Unfortunately, there are almost no results for the association between relatives’ variables at point in time 1, and patients’ Recovery Items at point in time 2. This is mainly due to the restricted variance within the Recovery Items.

First, not all items might be valid, in the sense of not pertaining to what they are supposed to assess. There is, for example, a difference in substance between the item asking for the first time someone could stand unassistedly beside his or her bed, and the item asking for the first time someone could eat with good appetite. Second, the intense medical care might reduce the variation to a certain extent.

Apart from the limited variance, it is not to be expected to find high correlations between patients’ physical condition shortly after a bypass operation, and psychological variables assessed on their spouses about a week before.

Thus, between patients’ Recovery Items time 2, and spouses variables time 1 there are almost no correlations found, not even a prevailing pattern of interrelations. There is an exception for relatives’ Profile of Mood States (POMS) subscale ‘sadness’: When it takes patients longer to recover from surgery, spouses are consistently less sad. A similar pattern evolves for relatives’ Physical Symptoms. With regard to the contents this does not seem to make sense: The better spouses’ well-being, the longer it takes patients to get onto their feet again. But on the other hand, here the same consideration might hold as above when discussing the surprising association between patients’ active coping behaviour, and spouses’ negative characteristics: Spouses might like and support a kind of helplessness in their partners, maybe even a forced helplessness.
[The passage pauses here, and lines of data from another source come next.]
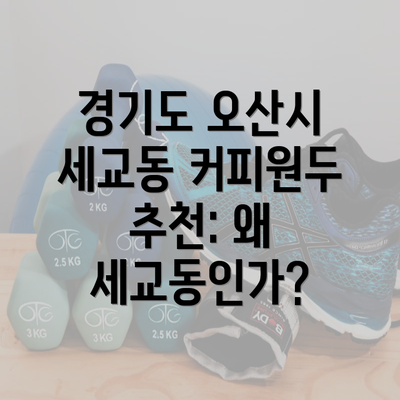 경기도 오산시 세교동 커피원두 추천: 왜 세교동인가?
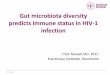 Gut microbiota diversity predicts immune status in HIV-1 ...regist2.virology-education.com/2015/1stmicro/03_Nowak.pdf · Gut microbiota diversity predicts immune status in HIV-1 infection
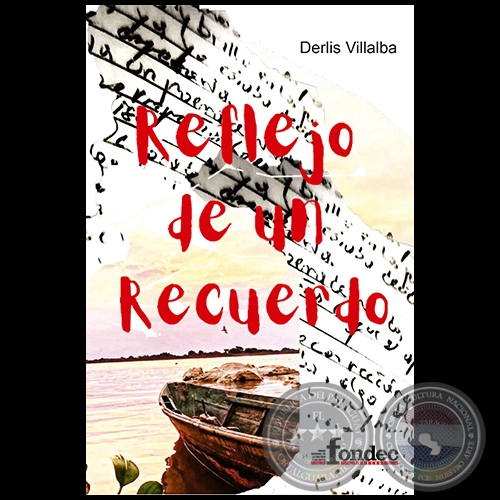 REFLEJO DE UN RECUERDO - Autor: DERLIS VILLALBA - Año 2022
At least, there is one consistent result emerging for patients’ interview data, and relatives’ time 1 variables, namely for Worries Related to Heart Disease. The item scale ‘Worries about the Future’ shows a prevailing pattern with all relatives’ variables, and even two significant correlations with anger, and perceived social support. Furthermore, patients’ worries referring to the possibility to suffer once more from a heart attack are strongly related to relatives’ anxiety. Both seems to make sense.

Thus, patients’ psychological characteristics shortly after surgery, like their worries, for example, are more likely to be associated with their spouses’ characteristics. Patients’ vigour after surgery -- a crucial characteristic for coping with serious illness -- also shows strong relations to spouses’ vigour, their decisiveness, and their perceived quality of life: Multiple associations of patients’ vigour at point in time 2 with relatives’ variables at point in time 1 show correlations with rather young spouses who are vigorous themselves, and perceive a high quality of life are emerging. For the third point in time, the predictors lead to rather female spouses this time, who apart from that show the same characteristics. This finding might rather pertain to the positive aspects of intimate relationships, since vigour in patients goes together with vigour in their spouses, who presumably have to be decisive when facing their new responsibilities, and tasks. And at the same time these spouses perceive a high quality of their life, indicating that it is more a pleasure than a strain to show vigour.
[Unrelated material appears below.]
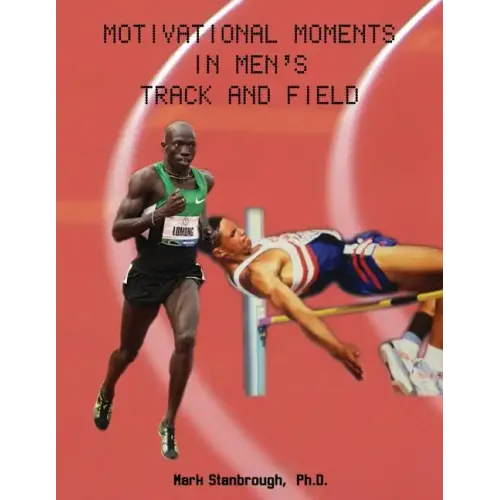 Motivational Moments in Men's Track and Field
It is an interesting result that spouses’ Quality of Life at point in time 1, though just being a single item, is that strongly connected to patients’ characteristics at all points in time. It could be assumed that the perception of quality of life is highly dependent on the quality of a person’s intimate relationship. If this can be taken as an indicator of marital satisfaction, or quality of the intimate relationship, findings here are consistent with the literature.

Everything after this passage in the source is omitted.